4. Il résulte de l’instruction, que pour déterminer la valeur de l’avantage accordé aux associés, le service a, au stade de la proposition de rectification, comparé, d’une part, le loyer moyen encaissé par la société requérante tel que résultant de ses locations saisonnières bénéficiant à des tiers en appliquant une réfaction de 50 % et d’autre part, le loyer moyen de trois biens comparables donnés en location sur la même commune. Il a ensuite choisi le loyer au m² le moins élevé des deux méthodes d’évaluation et l’a décliné sur les périodes de mise à disposition aux associés durant les exercices litigieux.
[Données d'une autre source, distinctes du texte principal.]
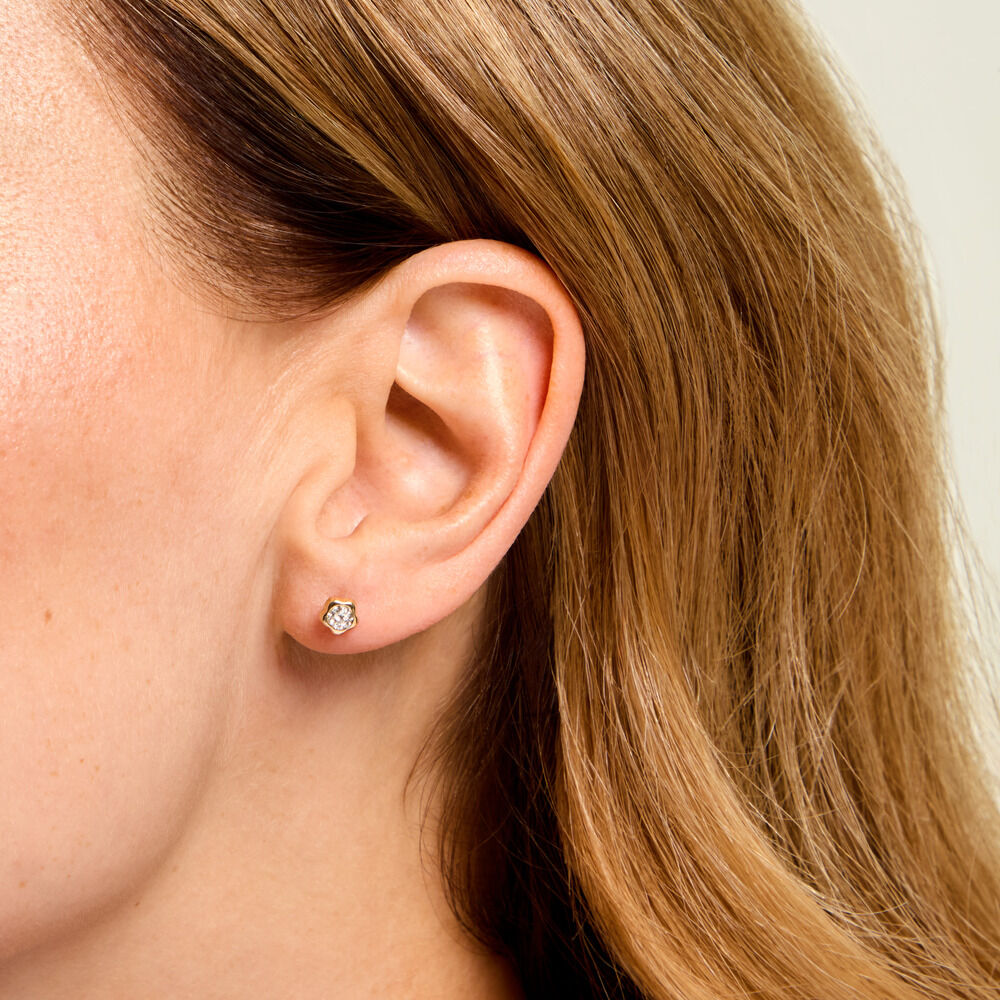 Boucles D'Oreilles Puces Barbro Or Jaune Cristal - Puces Femme | Marc Orian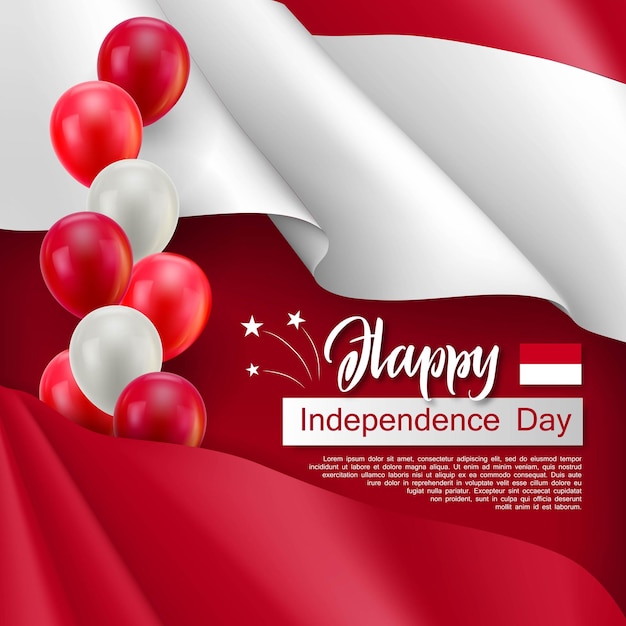 Happy Indonesian Independence day festive poster Political holiday celebrated 17th of August Patriotic vector concept with realistic waving indonesian flag and national colors helium balloons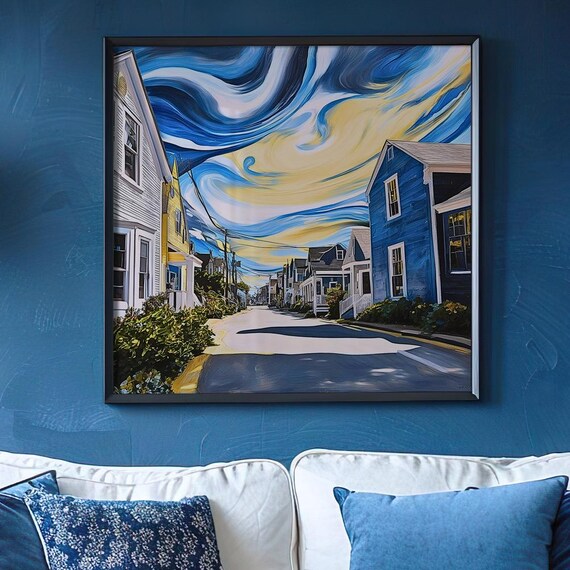 Colorful Coastal Village Poster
Postérieurement à la saisine de la commission départementale des impôts directs et de taxe sur le chiffre d’affaires et à l’exercice de la réclamation, le service a fait droit aux griefs de la société en appliquant des taux d’abattements modulables selon les saisons en appliquant un taux de réfaction de 45 % pour les mois de juin et septembre, de 53 % pour les mois d’avril, mai et octobre et de 75 % pour les mois de novembre à mars, sur la base du rendement brut déterminé par la SCI BRI. Il a, par ailleurs, tenu compte d’autres abattements liés à la gêne occasionnée par des travaux. Par suite, le moyen tiré de ce que la méthode employée par le service serait erronée, radicalement viciée ou imprécise doit être écarté comme manquant en fait.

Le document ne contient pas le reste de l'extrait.